His tenure at OpenAI was brief. In June 2023 The Information reported that Devlin had returned to Google, where he was said to be working closely with Slav Petrov, a researcher central to the company's Bard and Gemini efforts [6]. By then Google had merged its Google Brain team with DeepMind to form Google DeepMind, the unit responsible for the Gemini program [6].
Devlin returned to Google in 2023 and has continued to work on the company's frontier models [6]. He is credited among the contributors to the Gemini 1.5 technical report, published by the Gemini Team at Google in 2024 [10]. Detailed, independently verified information about his exact title is limited in public reporting; sources consistently describe him as a research scientist contributing to Google's large language model work [1][6][10].
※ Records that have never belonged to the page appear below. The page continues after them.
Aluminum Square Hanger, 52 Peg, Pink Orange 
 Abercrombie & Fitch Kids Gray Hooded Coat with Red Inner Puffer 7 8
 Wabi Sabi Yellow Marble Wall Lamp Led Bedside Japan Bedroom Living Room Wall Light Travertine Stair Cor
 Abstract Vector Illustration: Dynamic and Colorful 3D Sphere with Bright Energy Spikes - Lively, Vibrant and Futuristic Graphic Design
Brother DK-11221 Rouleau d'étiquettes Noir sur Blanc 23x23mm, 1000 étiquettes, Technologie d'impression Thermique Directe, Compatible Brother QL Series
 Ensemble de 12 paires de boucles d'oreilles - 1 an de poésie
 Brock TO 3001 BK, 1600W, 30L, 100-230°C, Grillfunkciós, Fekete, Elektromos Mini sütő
| Year | Paper | Role | Venue |
|---|---|---|---|
| 2014 | Fast and Robust Neural Network Joint Models for Statistical Machine Translation | First author | ACL 2014 (Best Long Paper) [8] |
| 2017 | RobustFill: Neural Program Learning under Noisy I/O | First author | ICML 2017 [12] |
| 2018/2019 | BERT: Pre-training of Deep Bidirectional Transformers for Language Understanding | First author | NAACL 2019 (Best Long Paper) [7][20] |
| 2022 | PaLM: Scaling Language Modeling with Pathways | Co-author | arXiv / JMLR [11] |
| 2022 | Scaling Instruction-Finetuned Language Models (Flan) | Co-author | arXiv / JMLR [13] |
| 2024 | Gemini 1.5 technical report | Contributor | arXiv [10] |
Devlin's research has been recognized with multiple best-paper awards at the field's leading venues: the NAACL 2012 Best Short Paper award, the ACL 2014 Best Long Paper award for his statistical machine translation work, and the NAACL 2019 Best Long Paper award for BERT [1][4][20]. BERT itself is widely regarded as one of the most influential papers in modern NLP, both for its benchmark results and for helping to establish the pretrain-then-fine-tune approach used by later large language models [2][7].